Open
Description
When a Dataset has variables with different dtypes, there's no way to tell apply_ufunc that the same function applied to different variables will produce different dtypes:
ds1 = xarray.Dataset(data_vars={'a': ('x', [1, 2]), 'b': ('x', [3.0, 4.5])}).chunk()

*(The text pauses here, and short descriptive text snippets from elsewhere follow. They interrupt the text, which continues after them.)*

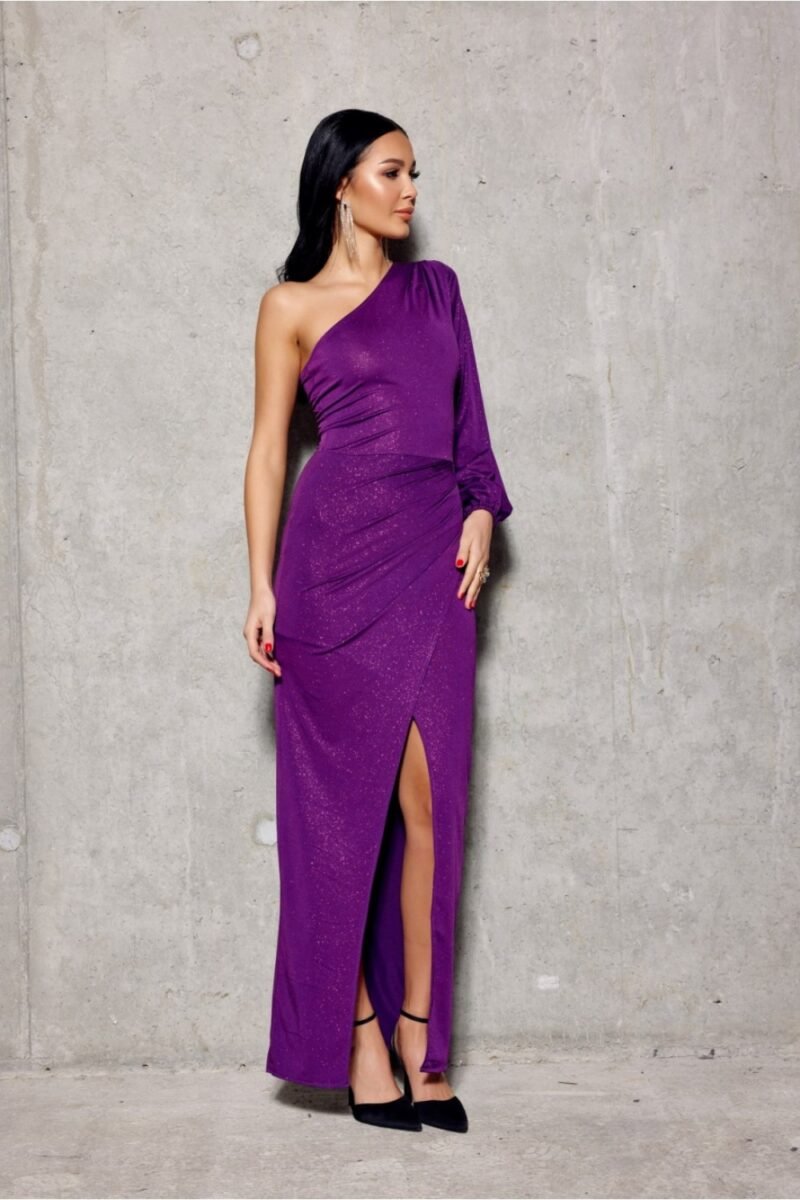 Long dress model 188266 Roco Fashion - Image 2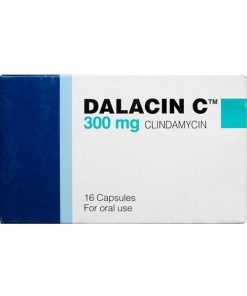 Dalacin C 300 Mg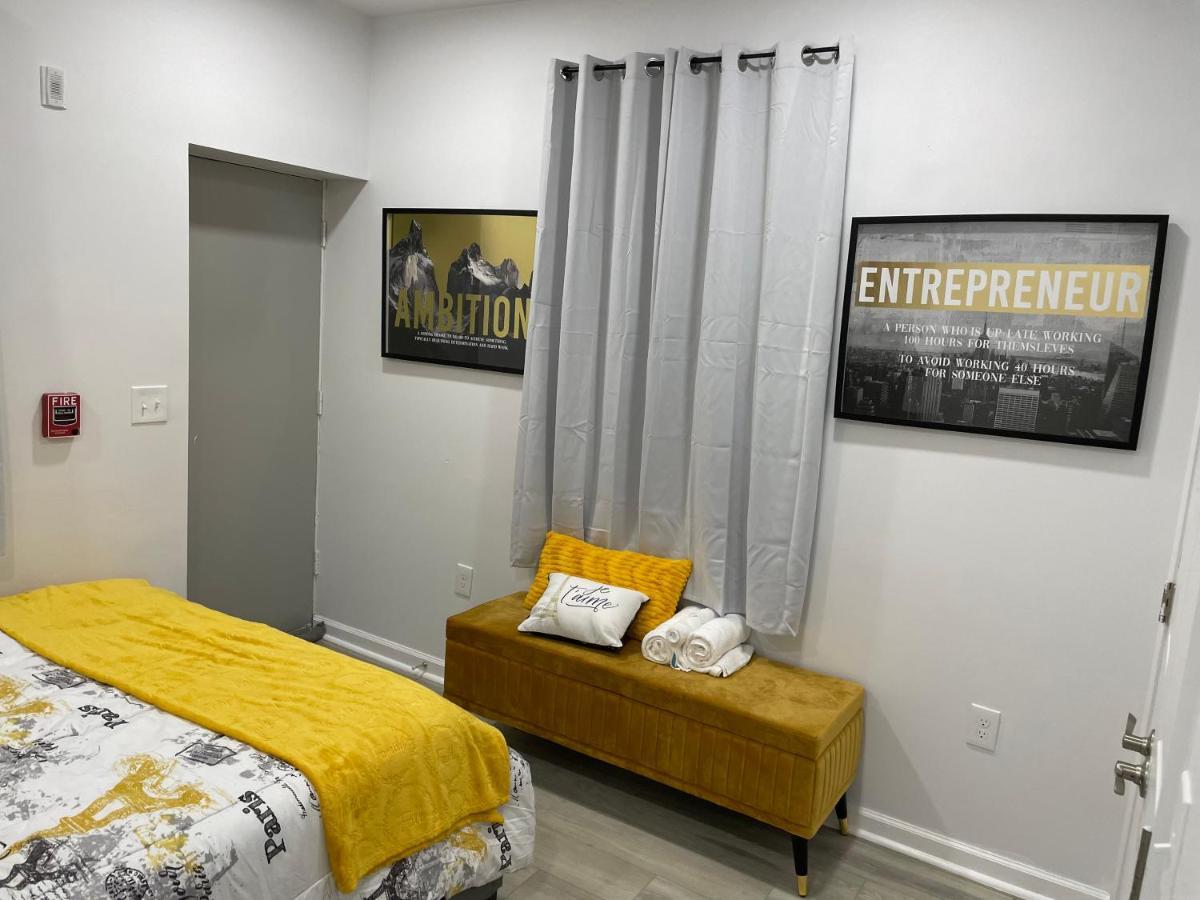 Goldie Lux - Best Luxury Stay Filadelfia Exterior foto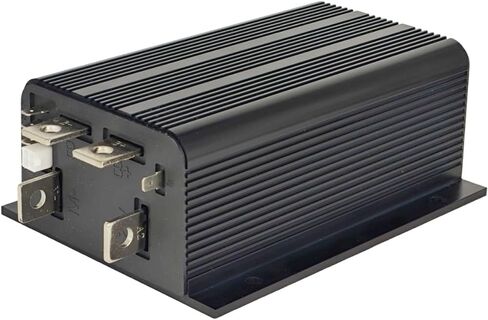 EZROAD 1205-117 36V 500A ITS وحدة تحكم محرك DC قابلة للبرمجة متوافقة مع عربة جولف EZGO Club Car المتوافقة مع Curtis 1204-032 1204-004 1204-009 1205-101 PMC التحكم في سرعة السيارة الكهربائية in Kuwait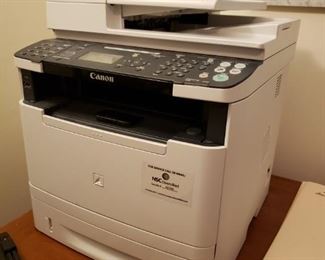 Cannon printer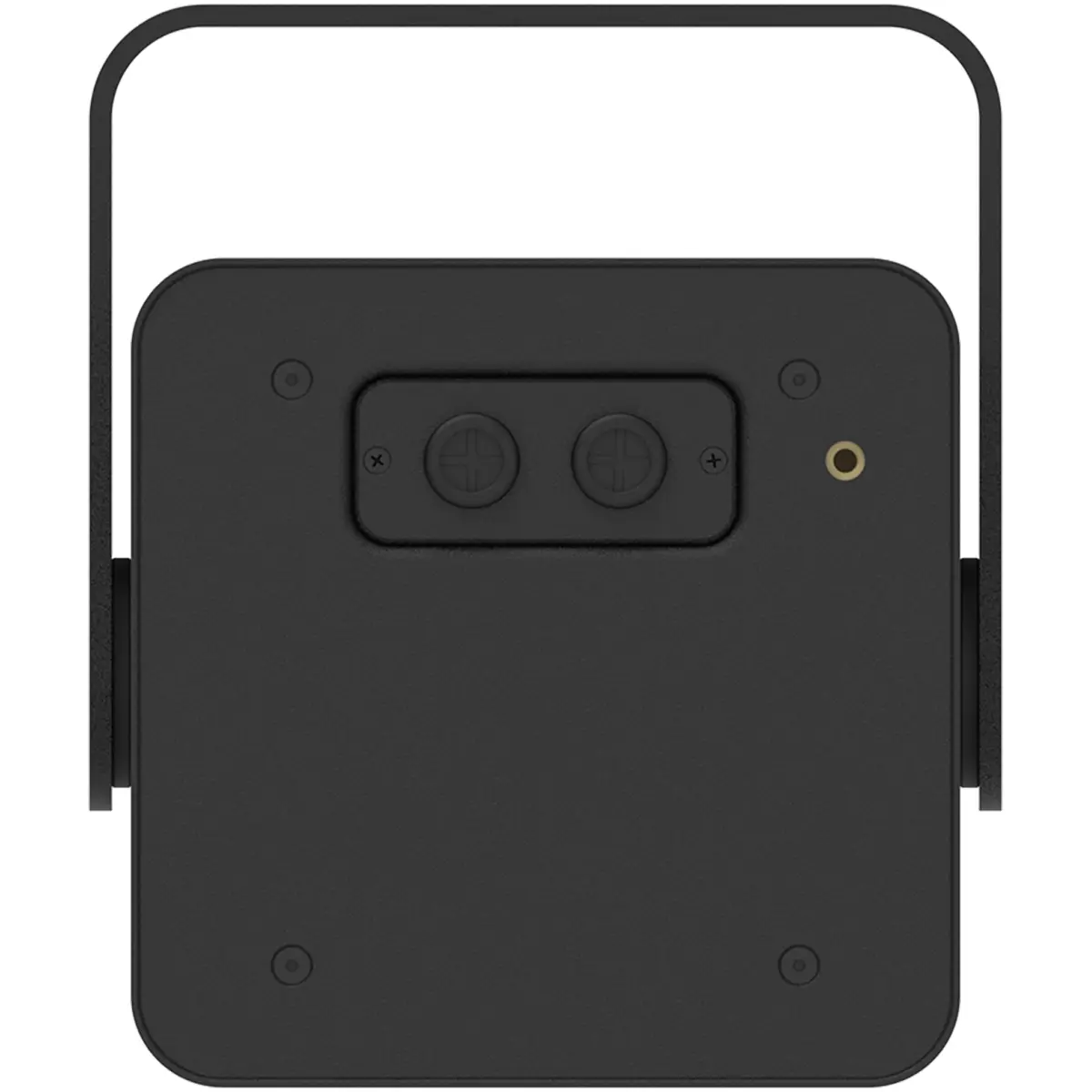 Audac VIRO5 Black Compact Performance Loudspeaker - Image 2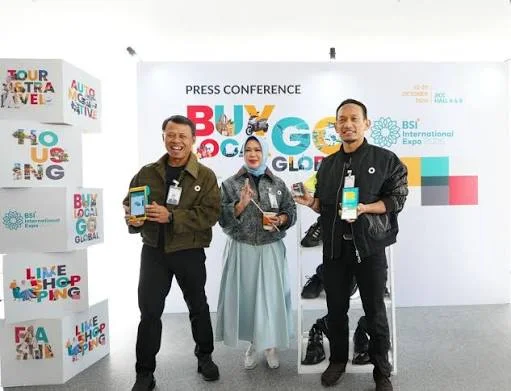 BSI Gandeng LOKAMOV Dorong Sneakers Lokal Indonesia Tembus Pasar Global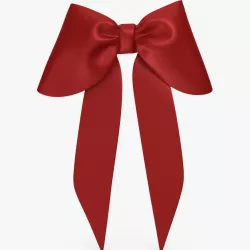 Red Bow 3d model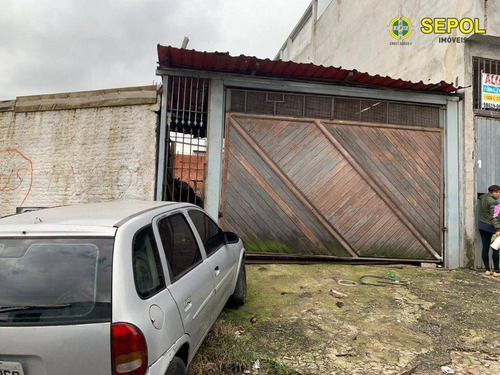 Imagem 1 de 1 de Terreno À Venda, 125 M² Por R$ 230.000,01 - Jardim Tietê - São Paulo/sp - Te0094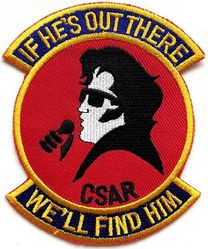303d Fighter Squadron Combat Search and Rescue

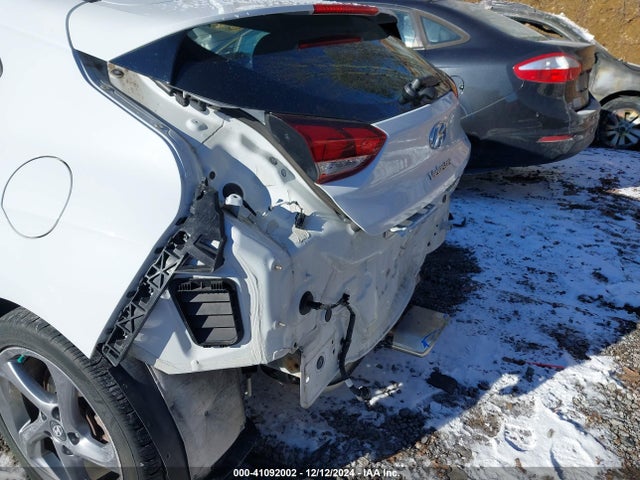 Hyundai Veloster 2.0 2019 KMHTG6AFXKU010489 Image 21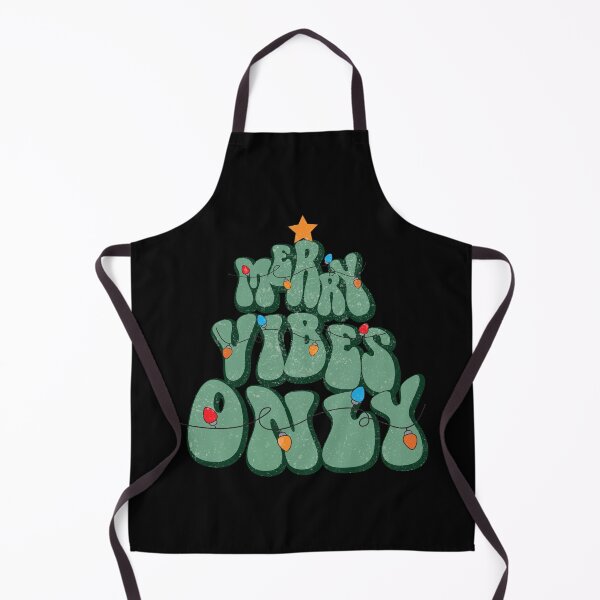 Item preview, Merry Vibes Only, Christmas Lights Tree designed and sold by printify.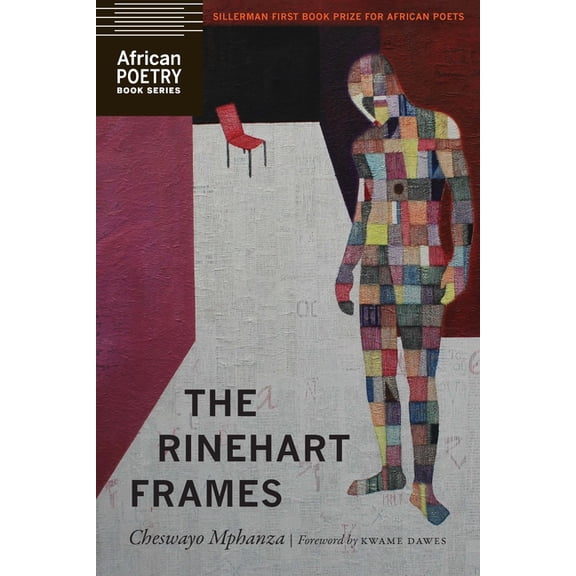 African Poetry Book The Rinehart Frames, (Paperback)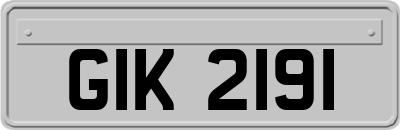 GIK2191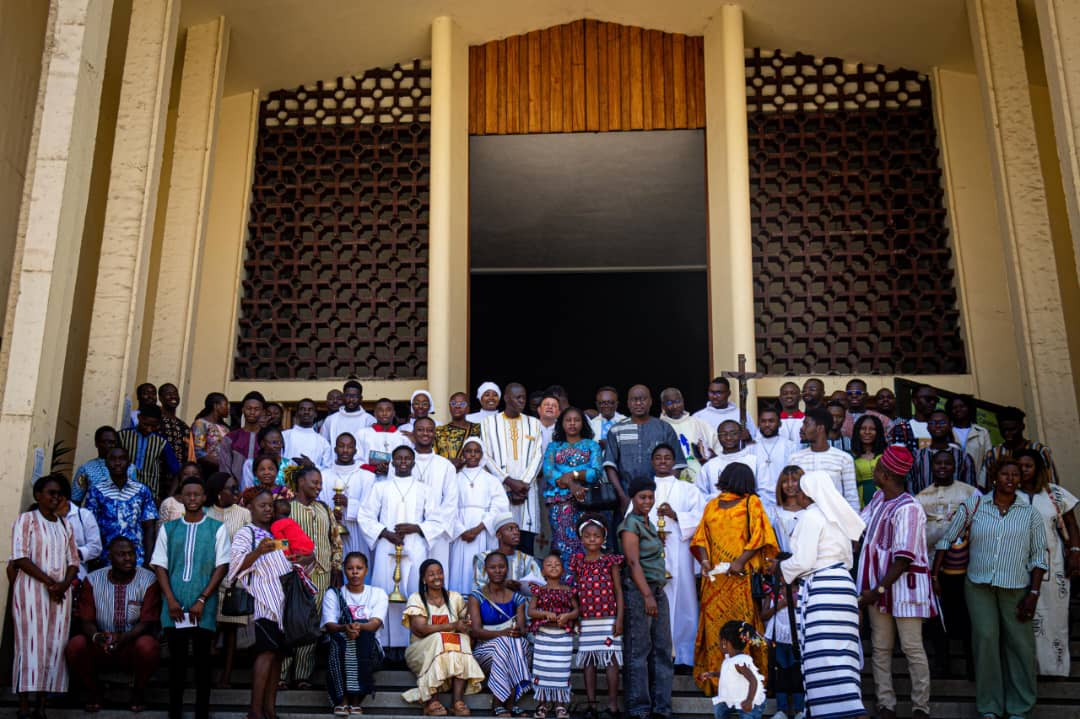 CASABLANCA : LES BURKINABÈ COMMÉMORENT LES 125 ANS D’ÉVANGÉLISATION DE LEUR PAYS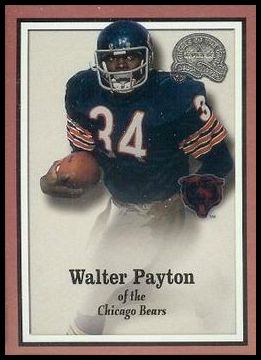 82 Walter Payton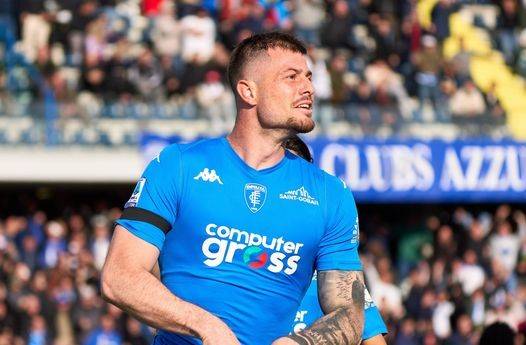 Empoli Batte Napoli 1 0 Gol Di Cerri Impresa Della Squadra Di Nicola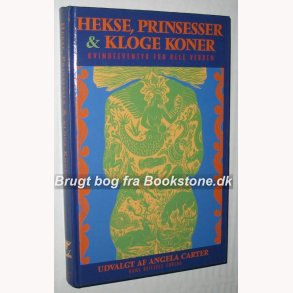 Hekse, prinsesser & kloge koner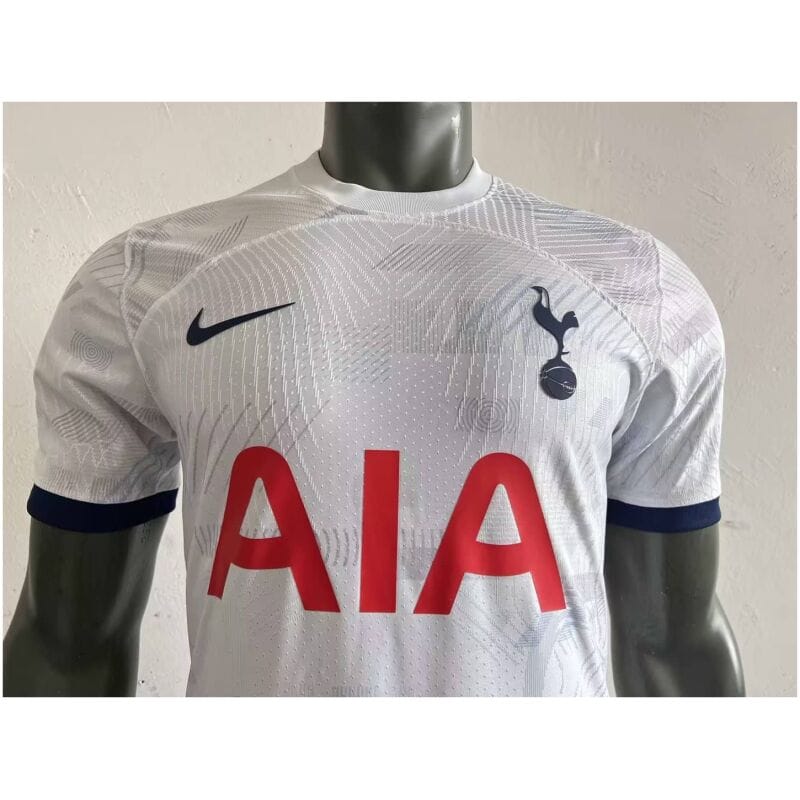 Mens Tottenham Hotspur Home Authentic Jersey 2023/24 – Match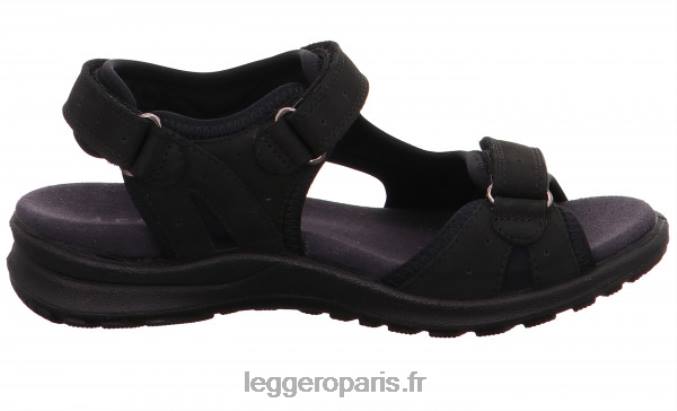 femmes 2JB20P81 Legero siris noir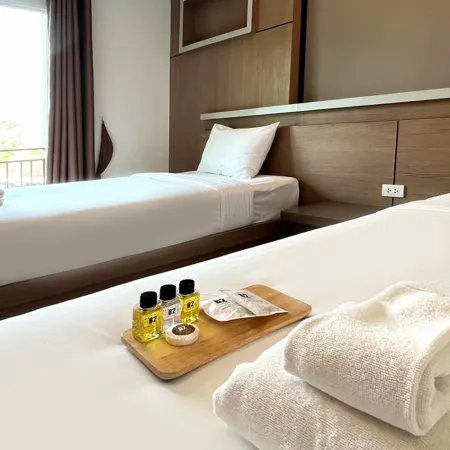B2 Buriram Boutique and Budget Hotel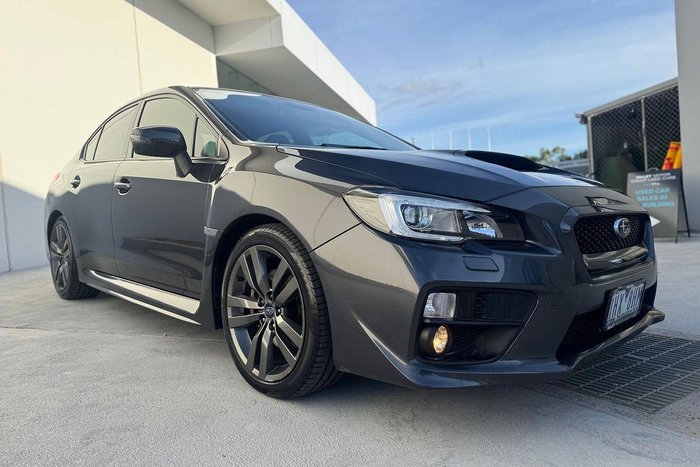 2016 Subaru WRX Premium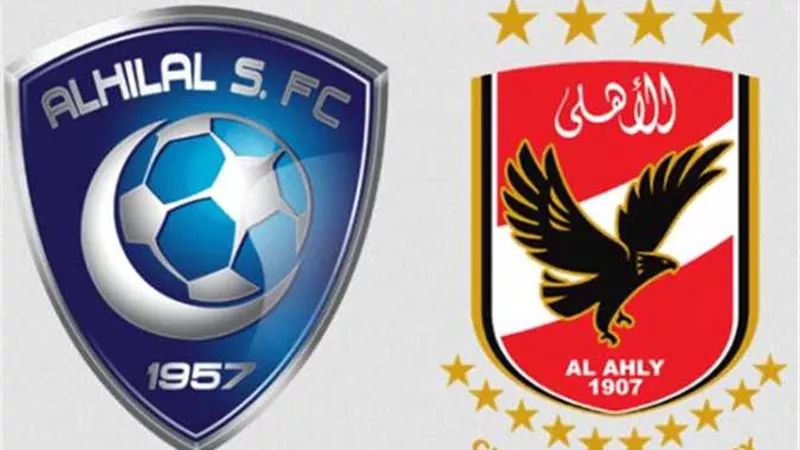 مشاهدة مباراة الأهلي (0) الهلال (0) بث مباشر لحظة بلحظة برونزية كأس العالم للأندية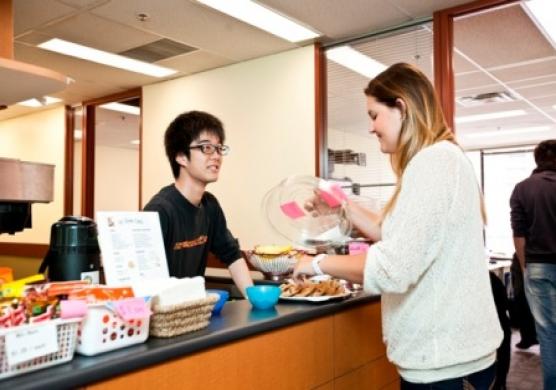 St Giles Vancouver 語言學習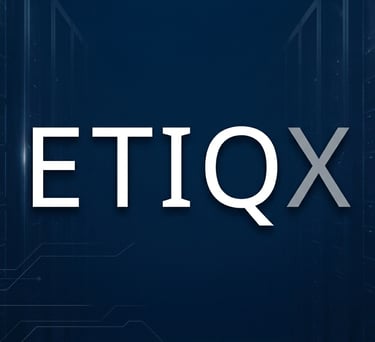 Etiqx logo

ds2 = xarray.apply_ufunc(lambda x: x + 1, ds1, dask='parallelized', output_dtypes=[float])
ds2
<xarray.Dataset>
Dimensions: (x: 2)
Dimensions without coordinates: x
Data variables:
a (x) float64 dask.array<shape=(2,), chunksize=(2,)>
b (x) float64 dask.array<shape=(2,), chunksize=(2,)>
ds2.compute()
<xarray.Dataset>
Dimensions: (x: 2)
Dimensions without coordinates: x
Data variables:
a (x) int64 2 3
b (x) float64 4.0 5.5
Proposed solution
When the output is a dataset, apply_ufunc could accept either output_dtypes=[t]
(if all output variables will have the same dtype) or output_dtypes=[{var1: t1, var2: t2, ...}]
. In the example above, it would be output_dtypes=[{'a': int, 'b': float}]
.